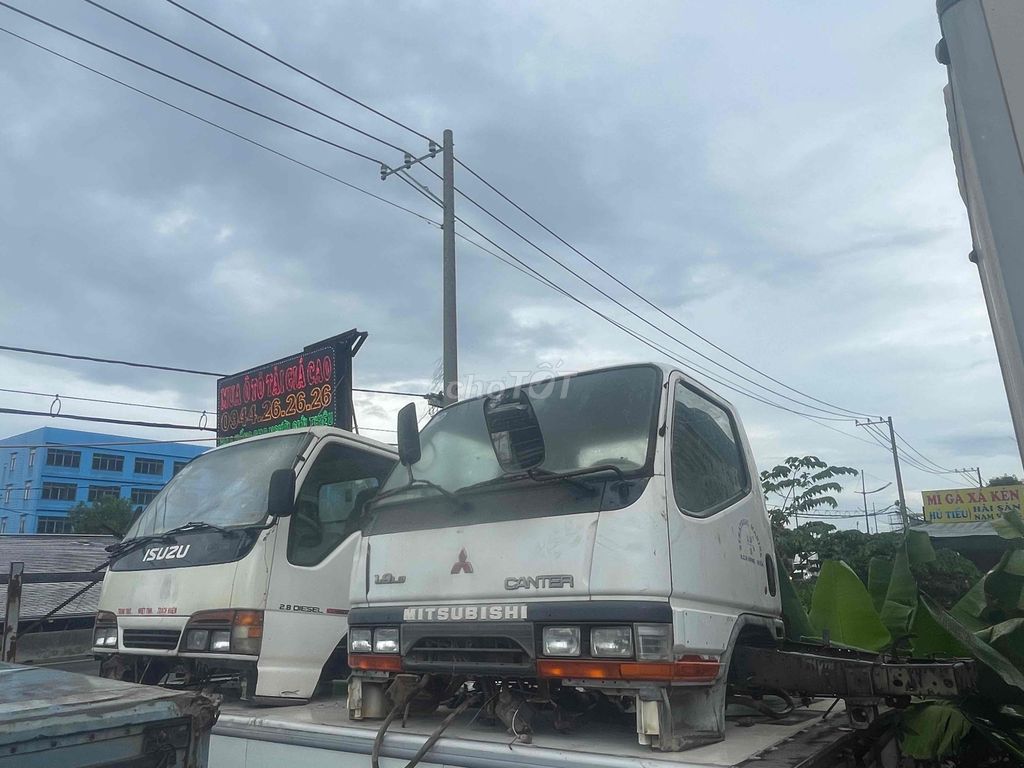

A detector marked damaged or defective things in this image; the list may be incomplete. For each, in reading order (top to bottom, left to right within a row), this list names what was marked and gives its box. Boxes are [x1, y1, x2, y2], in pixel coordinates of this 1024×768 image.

damaged windshield [124, 436, 308, 536]
damaged windshield [380, 366, 660, 498]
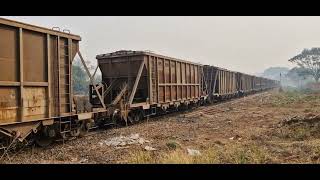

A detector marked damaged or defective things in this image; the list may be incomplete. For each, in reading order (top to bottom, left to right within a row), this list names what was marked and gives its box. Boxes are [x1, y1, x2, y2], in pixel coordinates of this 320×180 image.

rusted metal surface [0, 17, 80, 126]
rusty freight wagon [0, 17, 100, 148]
rusty freight wagon [92, 50, 208, 124]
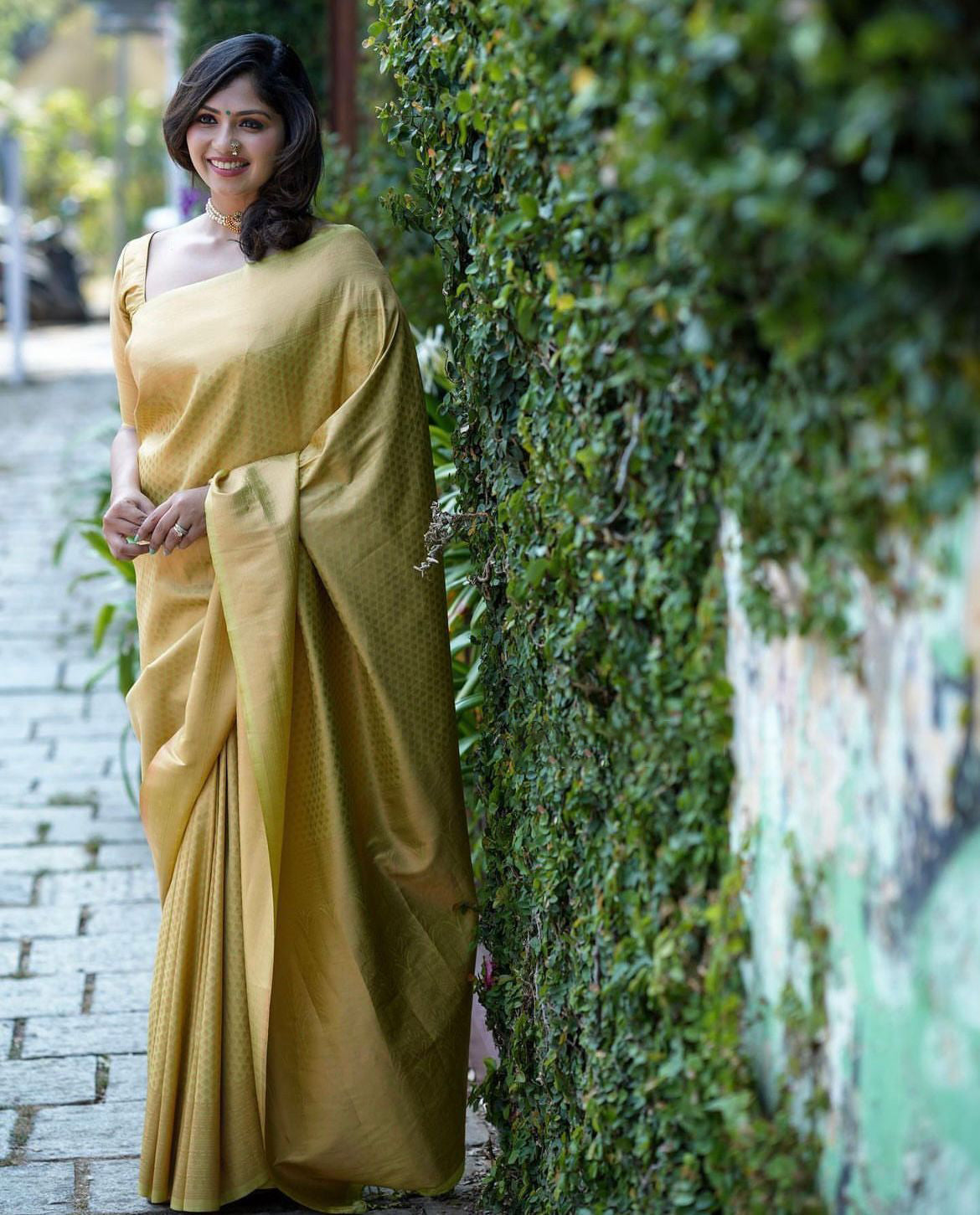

======

■ Task instructions
All of the entries need to be retyped word for word, pictures excluded.

■ Written response
A detector marked damaged or defective things in this image; the list may be incomplete. For each, in reading order (top to bottom, left to right within a row), this list names what was marked and gives its box. Boxes are [x1, y1, x2, y2], in pixel coordinates of this 1024×768 image.

damaged windshield [124, 436, 308, 536]
damaged windshield [380, 366, 660, 498]

A detector marked damaged or defective things in this image; the list may be incomplete. For each, in reading order (top to bottom, left to right within a row), this list names what was marked and gives its box. Boxes are [x1, y1, x2, y2], in pixel coordinates of this 320×180 image.

rusted metal surface [0, 17, 80, 126]
rusty freight wagon [0, 17, 100, 148]
rusty freight wagon [92, 50, 208, 124]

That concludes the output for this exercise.